Collection entries
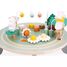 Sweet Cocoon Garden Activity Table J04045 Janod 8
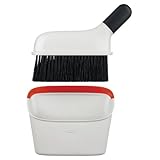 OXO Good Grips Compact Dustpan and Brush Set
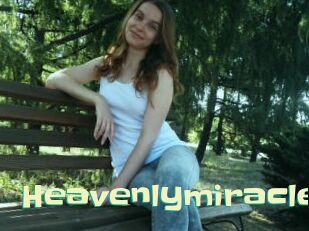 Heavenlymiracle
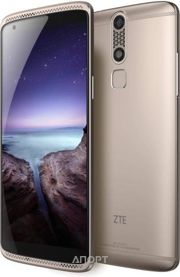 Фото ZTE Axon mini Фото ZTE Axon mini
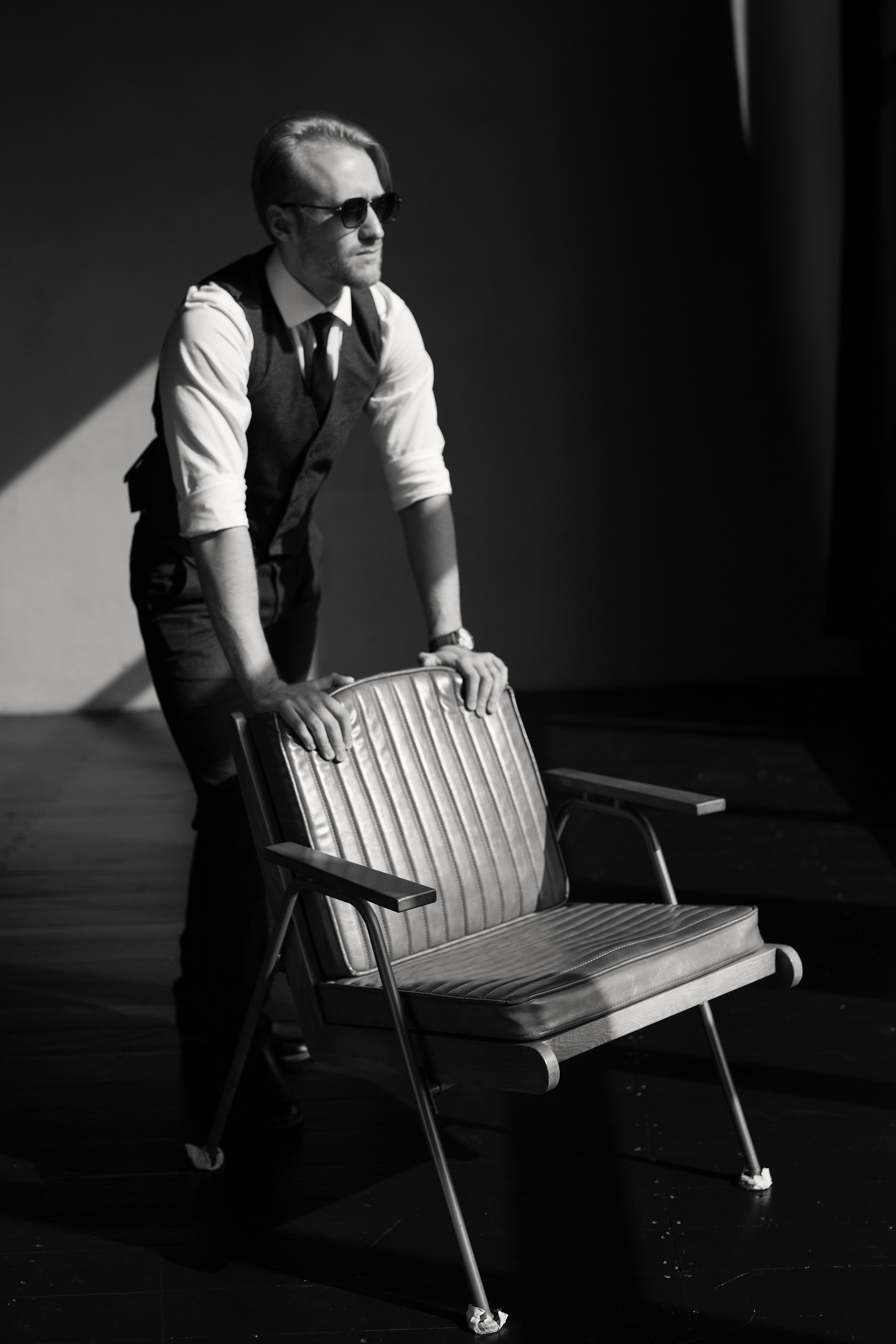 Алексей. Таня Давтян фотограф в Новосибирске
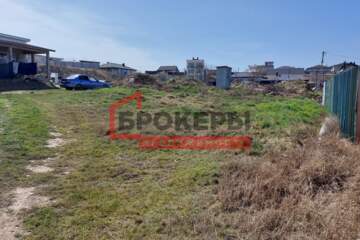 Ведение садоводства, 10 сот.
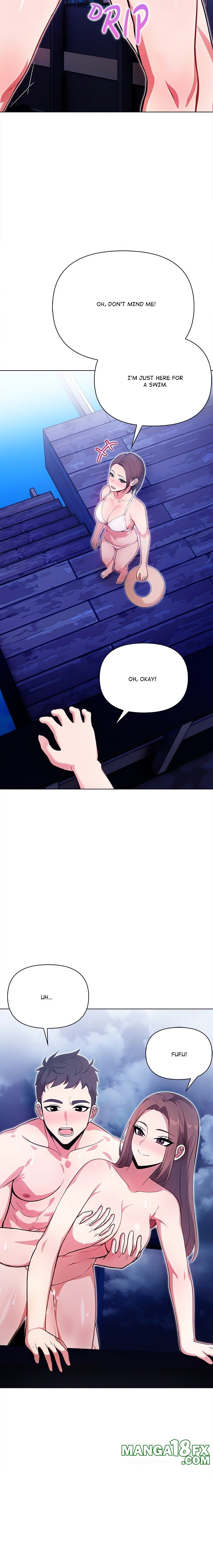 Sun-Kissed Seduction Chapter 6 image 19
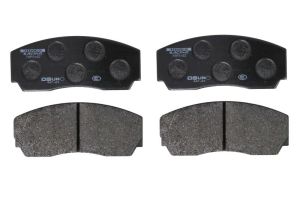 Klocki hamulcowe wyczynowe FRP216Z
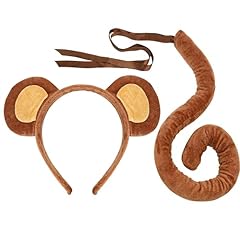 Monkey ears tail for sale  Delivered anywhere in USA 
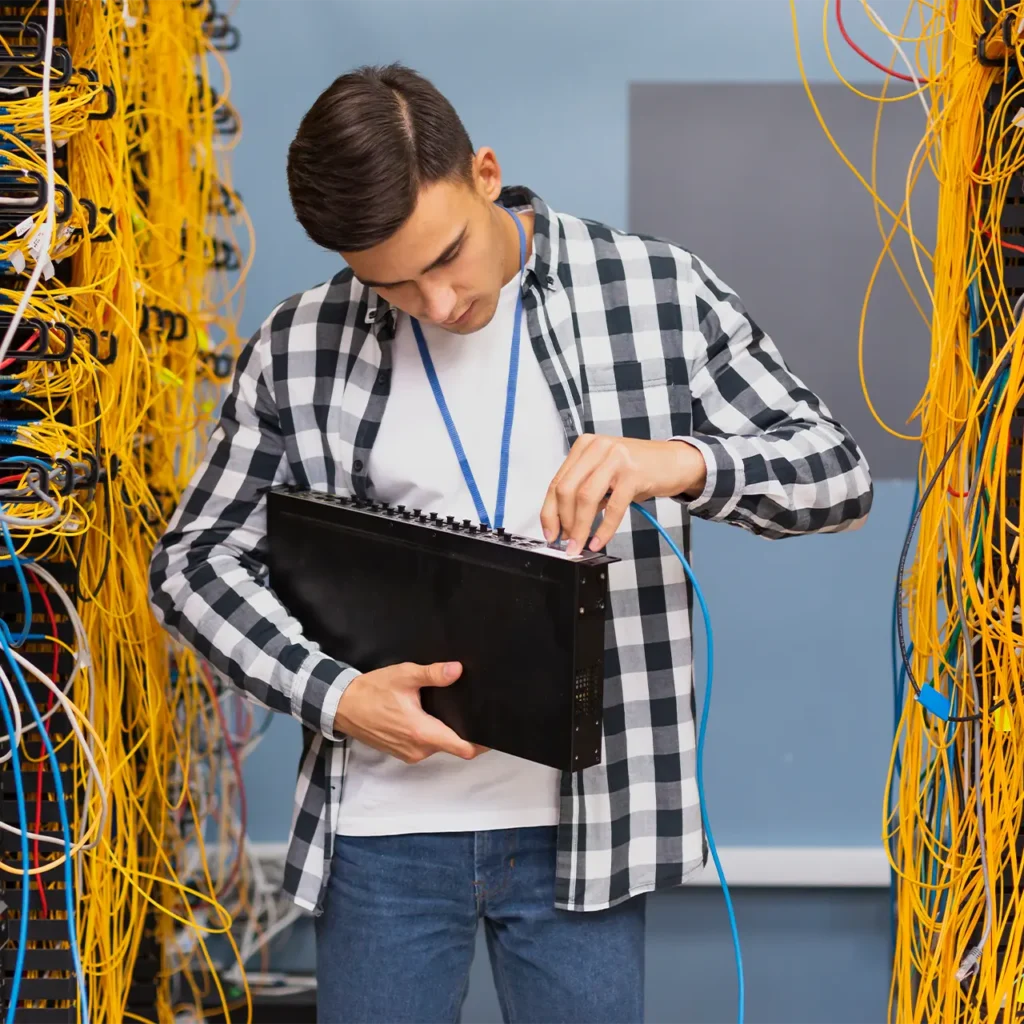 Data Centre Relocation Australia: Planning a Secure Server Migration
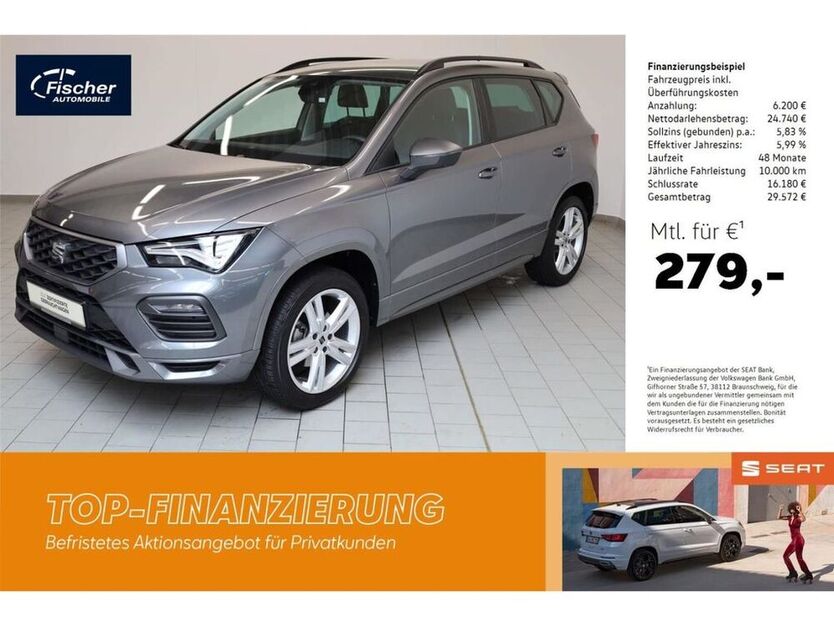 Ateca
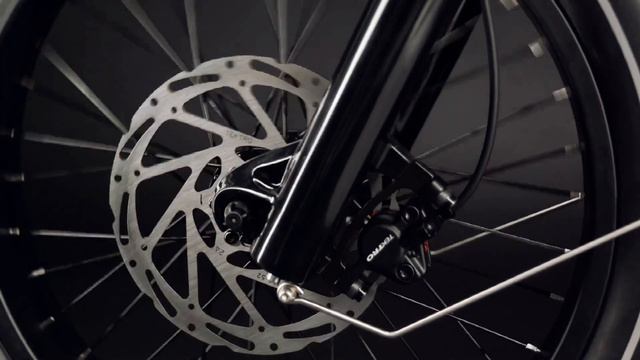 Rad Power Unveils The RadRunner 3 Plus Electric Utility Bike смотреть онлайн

==

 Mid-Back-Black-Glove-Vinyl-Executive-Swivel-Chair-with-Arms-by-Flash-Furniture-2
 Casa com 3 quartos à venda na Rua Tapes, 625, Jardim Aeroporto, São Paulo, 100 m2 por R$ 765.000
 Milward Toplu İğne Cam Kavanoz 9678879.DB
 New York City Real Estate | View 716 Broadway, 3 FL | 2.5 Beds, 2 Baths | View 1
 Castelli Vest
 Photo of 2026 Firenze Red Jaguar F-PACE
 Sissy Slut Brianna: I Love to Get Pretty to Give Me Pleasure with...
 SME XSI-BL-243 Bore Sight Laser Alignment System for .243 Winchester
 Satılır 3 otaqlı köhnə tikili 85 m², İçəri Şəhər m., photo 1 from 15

[EXERCISE INSTRUCTIONS] For every line of the data above that contains "with", copy that line.

[PROBLEM SOLUTION]
 Mid-Back-Black-Glove-Vinyl-Executive-Swivel-Chair-with-Arms-by-Flash-Furniture-2
 Sissy Slut Brianna: I Love to Get Pretty to Give Me Pleasure with...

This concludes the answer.